In quel tempo, Gesù disse ai suoi apostoli:
«Guardatevi dagli uomini, perché vi consegneranno ai tribunali e vi flagelleranno nelle loro sinagoghe; e sarete condotti davanti a governatori e re per causa mia, per dare testimonianza a loro e ai pagani.
Ma, quando vi consegneranno, non preoccupatevi di come o di che cosa direte, perché vi sarà dato in quell’ora ciò che dovrete dire: infatti non siete voi a parlare, ma è lo Spirito del Padre vostro che parla in voi.
Il fratello farà morire il fratello e il padre il figlio, e i figli si alzeranno ad accusare i genitori e li uccideranno. Sarete odiati da tutti a causa del mio nome. Ma chi avrà perseverato fino alla fine sarà salvato» (Matteo 10,17-22).

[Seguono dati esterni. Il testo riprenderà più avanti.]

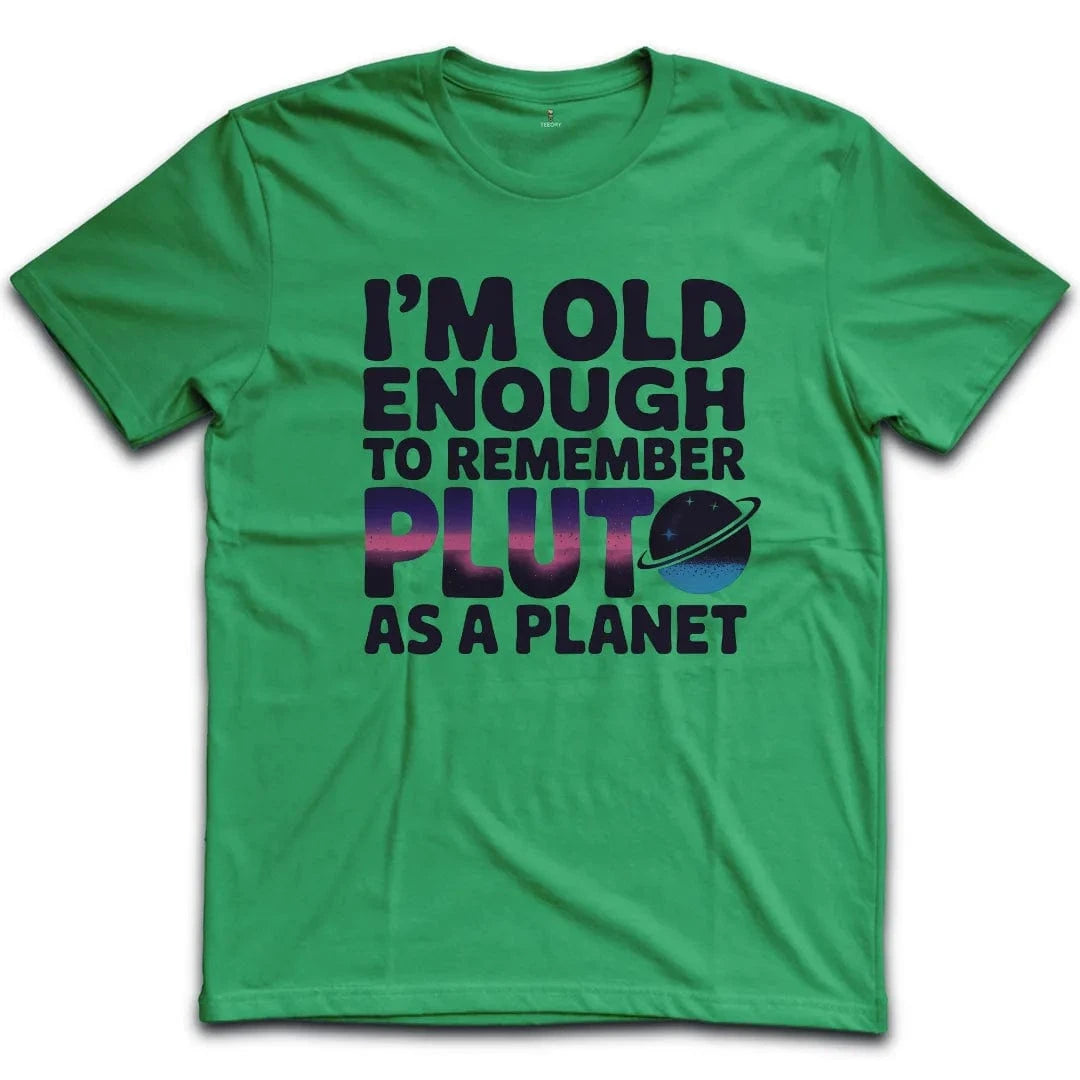 Old To Remember Pluto T-Shirt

Il martire cristiano attualizza pienamente la vittoria dell’amore sull’odio e sulla morte. Nel Vangelo, oltre al superamento dello spirito di odio e di vendetta, ci viene chiesto di amare e pregare per i nostri persecutori, perché diviene sempre più nitido nell’esperienza umana che il vero sofferente è il peccatore.
Santo Stefano, la cui memoria viene oggi celebrata, prega per i suoi persecutori perché Dio non imputi loro un così grave peccato. Seguì così le orme del Salvatore, che pronunciò la stessa invocazione mentre lo stavano inchiodando alla croce: se non lo avesse fatto, forse nessuno avrebbe il coraggio di rileggere la Passione. Certamente pregarono per i loro nemici anche quei vescovi che fermarono orde barbariche, pronte al saccheggio, facendosi incontro a quelle schiere senza alcuna possibilità di comunicazione linguistica. Ma la preghiera dedicata agli avversari non è un’opzione facoltativa, bensì è un riverbero dell’amore, più forte della morte, che viene versato nell’anima dei fedeli, in misura abbondante, con i Sacramenti.

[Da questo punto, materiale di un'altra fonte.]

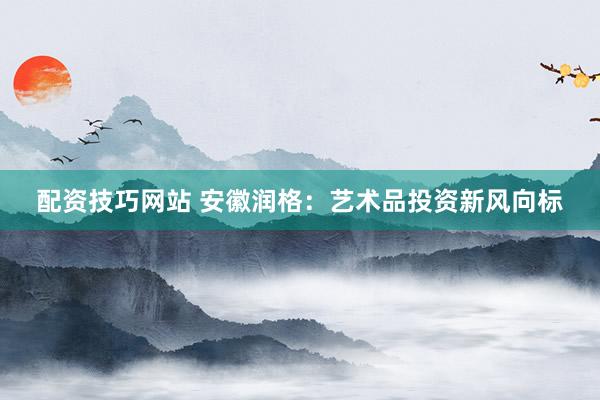 配资技巧网站 安徽润格：艺术品投资新风向标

La nostra affabilità comunicativa diviene nota a tutti quando è orazione per il prossimo. Corrisponde all’impatto che aveva il Salvatore su chiunque incontrasse, e che nel Vangelo è spesso testimoniato. Questo significa che il prossimo si sentiva amato di un amore che avvicina a Dio. Quanti figli e figlie della Chiesa nel corso dei secoli hanno seguito questo esempio! Dalla prima persecuzione a Gerusalemme a quelle degli imperatori romani, fino alle schiere dei martiri del XX secolo. Il martire cristiano accetta la croce nel suo intimo, trasforma la morte in un grande atto d’amore. Ma ciò che lo contraddistingue, stando alle testimonianze di chi li ha conosciuti, è un profondo senso, quasi un trasporto, di conformazione alla persona del Salvatore. I martiri uniscono sempre sé stessi alla persona vivente del Signore Gesù.